The joint database will be shared by all four manufacturers of the drug, prescribed for patients with severe acne that is unresponsive to other treatment. To date, the companies have tracked only prescribers, under a voluntary program.
Dr. Reed is an associate clinical professor of dermatology at the University of Colorado Health Sciences Center in Denver and chair of the Ad Hoc Task Force on Isotretinoin for the American Academy of Dermatology Association (AADA).
Changes Under the new program, before a pharmacy may fill a patient's first isotretinoin prescription, the registry must contain documentation that patients received education about the drug from their prescriber, that an appropriately timed pregnancy test was negative, and that patients completed informed consent as well as education and risk management components.

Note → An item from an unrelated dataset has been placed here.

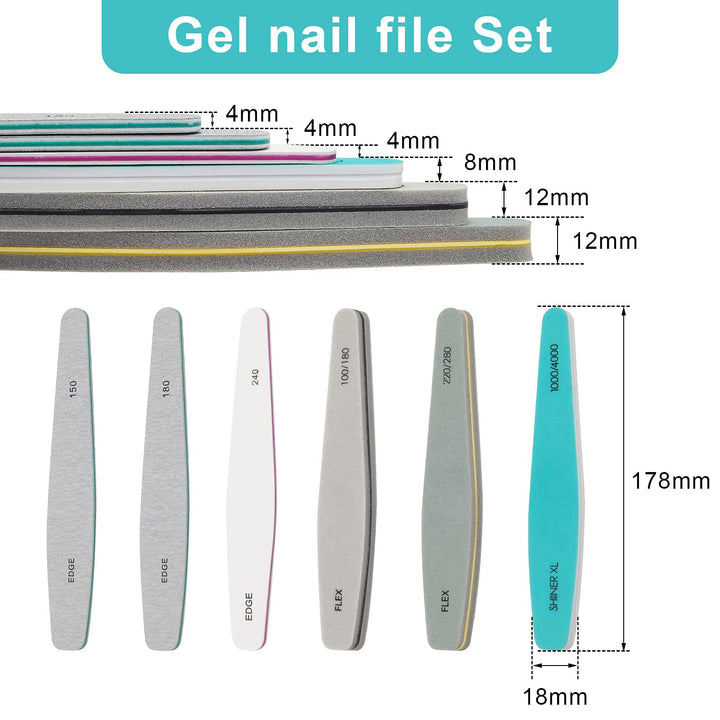 Nail Files, Nail Buffers Emery Boards Gel Nail Polish Remover Washable Different Grit Nail File Set 6pcs
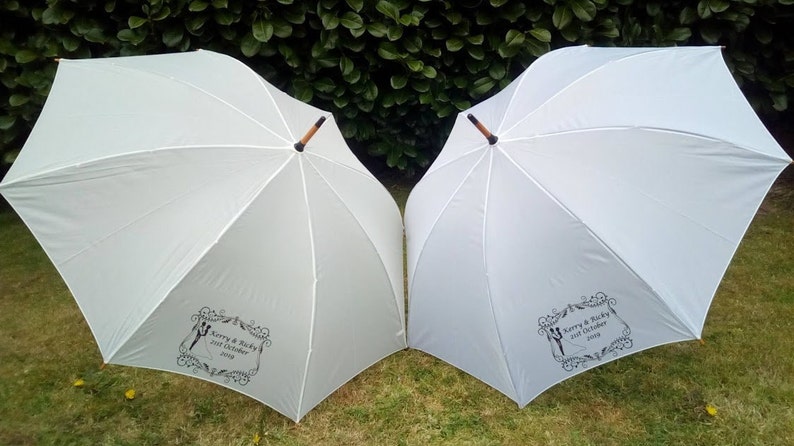 Personalise Wedding Umbrella Parasol & Custom Print Off-White Ivory or White image 1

For repeat scripts, there must be evidence of ongoing patient education, another negative pregnancy test, and repeated completion of education and risk management components by the patient.
Privacy will be maintained through use of unique identifying numbers. According to the FDA's Web site, where all journalists were directed, "Privacy concerns are of critical importance. They have been carefully considered from the beginning and will continue to be taken into account as the details of the program are finalized."
Manufacturers of isotretinoin, which include Roche Pharmaceuticals as well as the makers of three generics - Barr Laboratories Inc., Mylan Laboratories Inc. and Ranbaxy Laboratories Ltd. - are responsible for maintaining the registry, monitoring its efficacy and ensuring compliance. They have contracted with Covance Inc. to design, build, implement and operate the system. They have also successfully negotiated with Celgene Corp. to use elements of its patented risk management program, which helped reduce pregnancy exposures to thalidomide.
According to Dr. Reed, physicians, patients and pharmacies will initially have a learning curve, but once the program is well under way, it should not cause great inconvenience. Those who choose not to comply can simply opt out of being involved with the drug. "The extent to which this will happen remains to be determined," she says.
Doctor unconcerned For his part, Neil Sadick, M.D., F.A.C.P., F.A.A.C.S., is not concerned about how the new regulations will affect his New York City dermatology practice. "I think it's going to necessitate that patients are followed on a strict schedule," he says. "They may need to be seen a little more frequently. ... We follow our patients anyway with blood (tests) monthly. So, my practice won't change." Dr. Sadick is a clinical professor in the department of dermatology at Weill Medical College of Cornell University.
He agrees that the FDA's new rules are warranted. "The only real problems that have occurred with (isotretinoin) have been basically based on pregnancy issues. ... I think it does need to be regulated. Otherwise it will end up like thalidomide, and we'll see a lot of deformed children and a lot of unnecessary fetal death."